Rapidamente, as pedras da calçada foram "em busca de outros mundos", ou melhor, de novas ruas e praças, tanto em Portugal como no estrangeiro: os porões dos navios, que daqui zarpavam, estavam repletos de pedras calcárias porque o peso conferia estabilidade às embarcações durante a navegação.

Em Faro, em 1895, foi executada a primeira área calcetada onde hoje se encontra o Jardim Manuel Bívar. Seguiram-se intervenções de excelência na Rua de Santo António e na Rua D. Francisco Gomes. Os brasões da calçada do Largo do Carmo, da cidade de Faro e da Ordem do Carmo, representam um dos exemplos mais belos desta arte de "bordar" o chão, tanto pela invulgaridade das cores como pelo corte singular das pedras, em espiga, em escama, em quadrados e hexágonos, chegando a ser minúsculo nos detalhes do rosto da Nossa Senhora. 

As pedras utilizadas são oriundas das Serras de Aire e Candeeiros e da zona da Bordeira, na Freguesia de Santa Bárbara de Nexe e atualmente a calçada artística cobre uma superfície de 60000 m2 da cidade de Faro.

A calçada artística coexiste com a calçada funcional, tão antiga e tão pisada como a mais icónica das duas. Nas ruas do Bairro Ribeirinho há uma panóplia de estilos de calçada funcional que variam segundo a colocação das pedras: da calçada "à fiada", com as pedras alinhadas em filas paralelas, ao "malhete", tendencialmente formado por polígonos irregulares, até à calçada "ao quadrado", aplicada em diagonal e seguindo um alinhamento de 45 º com as paredes e lancis.

Todavia, marcar passo nesta que deveria ser a calçada funcional, nem sempre é tarefa fácil. 

A simples e natural deambulação pelas nossas ruas, por vezes, consegue-se tornar numa espécie de prova de corta-mato em câmara-lenta e, como se de um bizarro ritual de iniciação se tratasse, toda a gente que por aqui mora pode afirmar já ter caído ou tropeçado na calçada do Bairro Ribeirinho, pelo menos uma vez...

Andamos, pé ante pé, num equilíbrio precário, ora parecendo acrobatas de circo, ora desengonçados como peixes fora de água.

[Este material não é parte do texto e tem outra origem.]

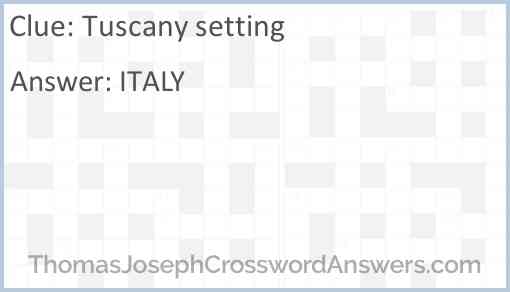 Tuscany setting Answer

O piso é irregular, apresentando buracos e desníveis nos quais até os pés mais bem treinados e calçados conseguem tropeçar. 

Em poucos metros conseguimos ter a "colagem" de três pavimentos: os paralelepípedos da calçada, a brita das obras e o alcatrão mal aplicado...

Toda esta área "menos" nobre, mas tão vivida, pisada e visível por moradores, trabalhadores e visitantes, merece mais atenção.

Vários estudos evidenciaram a sustentabilidade da calçada portuguesa que, quando bem executada e corretamente mantida, além de qualificar o espaço público favorece e aumenta a permeabilidade dos solos, representando a melhor solução estética, funcional, ambiental, económica e patrimonial para a pavimentação das ruas.

Em 2021 a Calçada Portuguesa passou a estar inscrita no Inventário do Património Cultural Imaterial e o objetivo final será o de apresentar uma candidatura à Unesco a Património Cultural Imaterial da Humanidade, tal como aconteceu com o fado.

É fundamental que a Câmara Municipal de Faro valorize e defenda também a calçada portuguesa funcional que se encontra nos recantos deste bairro tão central e tão povoado por gente que "tem o rosto desenhado por paciência" (mas que não se resigna).

É importante que se zele pela conservação e renovação, pugnando pela correta execução, colocação e manutenção da calçada que é, sem dúvida, uma das mais belas formas de arte 100% portuguesa.